### Directions for this task
Begin at the line that has "Wendy Pretend Play", stop after the line that has "Building Photo - 809/811 Jamie Drive", and print exactly those lines from the records below, without any pictures.

### Data provided
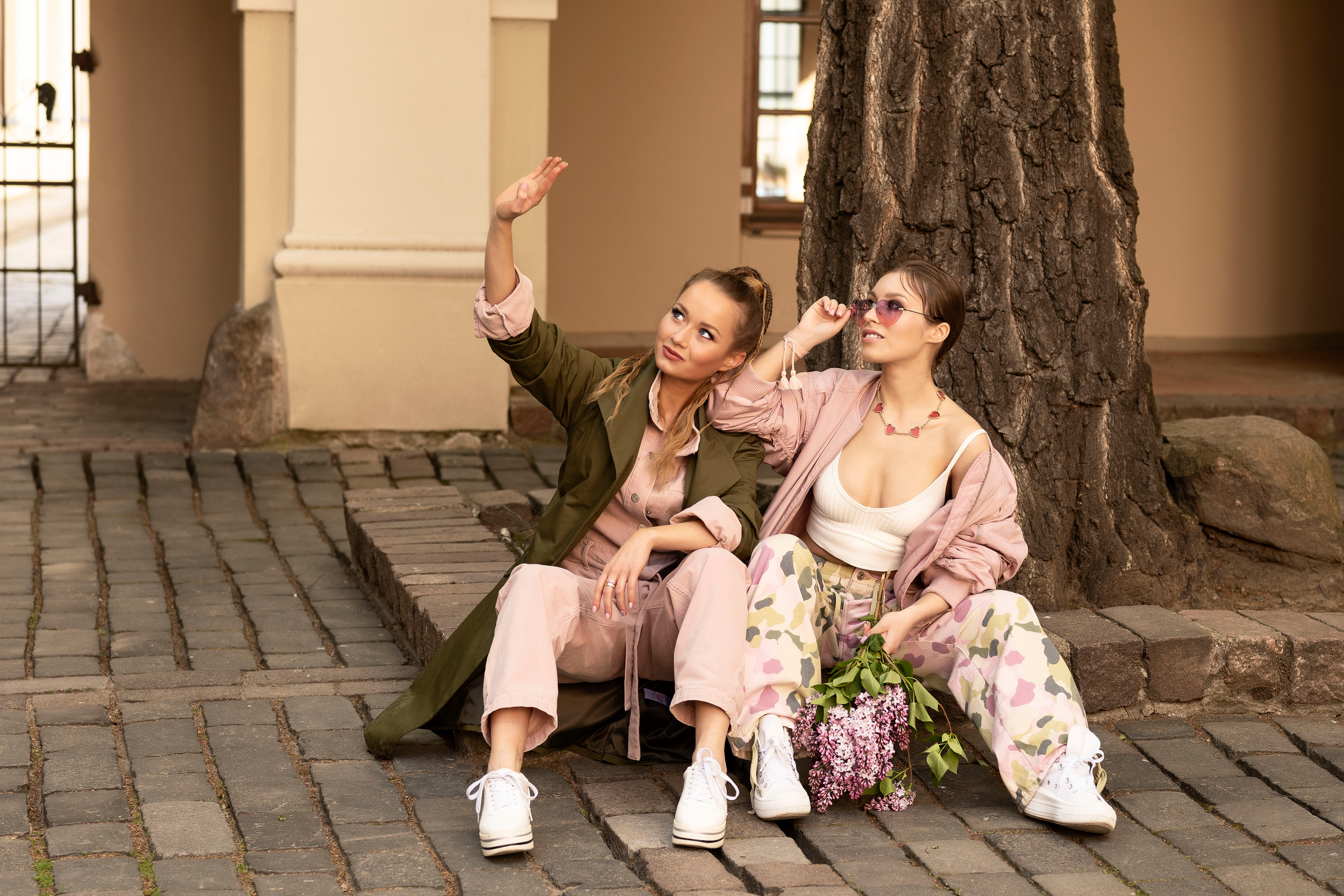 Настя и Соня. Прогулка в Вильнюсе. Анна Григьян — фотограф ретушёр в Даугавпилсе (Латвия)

...

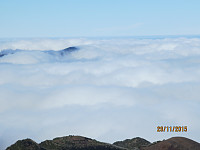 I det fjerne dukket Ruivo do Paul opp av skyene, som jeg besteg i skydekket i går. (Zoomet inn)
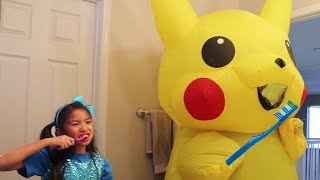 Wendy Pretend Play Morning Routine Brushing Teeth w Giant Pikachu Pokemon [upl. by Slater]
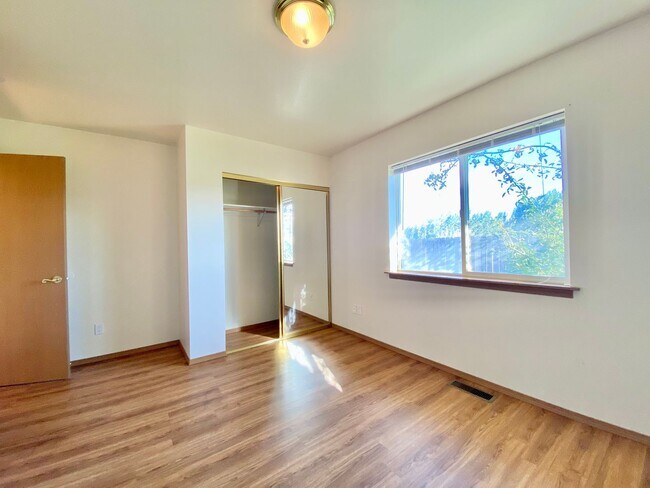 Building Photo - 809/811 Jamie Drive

...

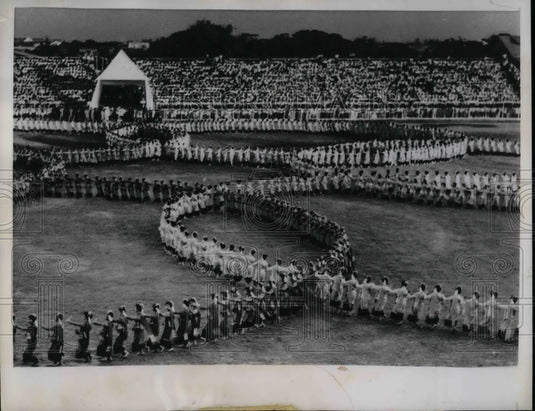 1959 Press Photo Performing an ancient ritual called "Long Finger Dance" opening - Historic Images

### Result below
 Wendy Pretend Play Morning Routine Brushing Teeth w Giant Pikachu Pokemon [upl. by Slater]
 Building Photo - 809/811 Jamie Drive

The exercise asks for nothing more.